PROBLEM TO SOLVE
Skip all pictures, then copy the lines from the start of the data through the line with "Hi friends, welcome", keeping both ends.

DATA SECTION
[Start of Attachment]

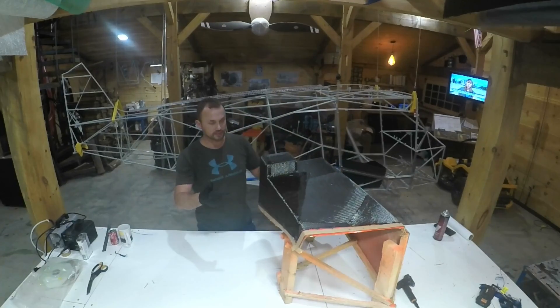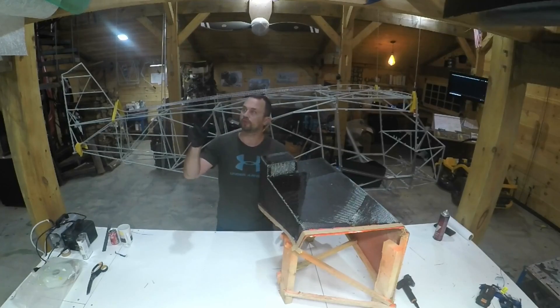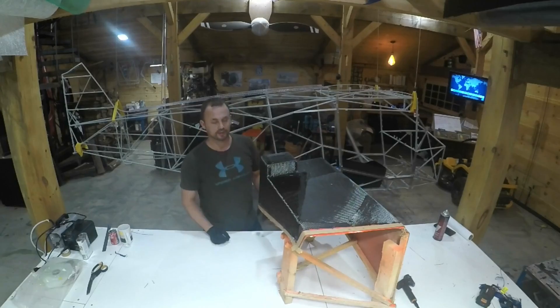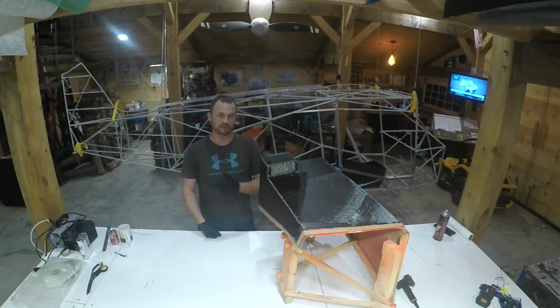Carbon fiber layup is done. I've got to do peel ply, breather material, bag. I need to fix the gum tape, and then I can do an infusion.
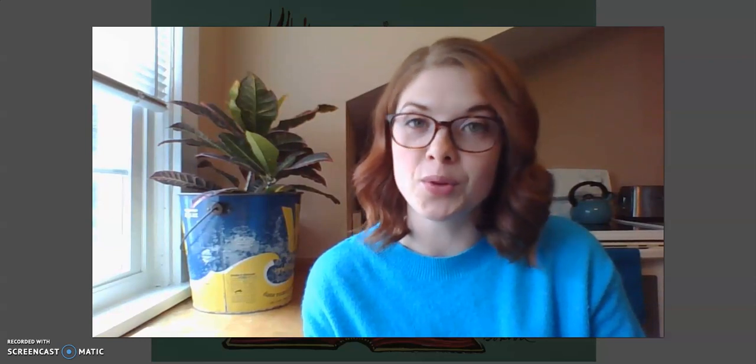Hi friends, welcome to MOA's Mini Masters at Home program. For those who don't know me, my name is Ms. Jordan and I am the Youth Education Coordinator at MOA.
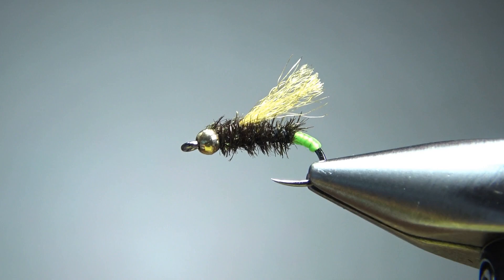Now about today's pattern — Tao's Danger Baby. This is a super simple fly, really cool looking, and you know this thing's going to be a fish catcher. There it is in the vise. Pretty cool looking pattern and a super simple tie. Common sizes for this are going to be 14 to 18 — I'm going to go with a 16.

[End of Attachment]

COMPLETED EXERCISE
Carbon fiber layup is done. I've got to do peel ply, breather material, bag. I need to fix the gum tape, and then I can do an infusion.
Hi friends, welcome to MOA's Mini Masters at Home program. For those who don't know me, my name is Ms. Jordan and I am the Youth Education Coordinator at MOA.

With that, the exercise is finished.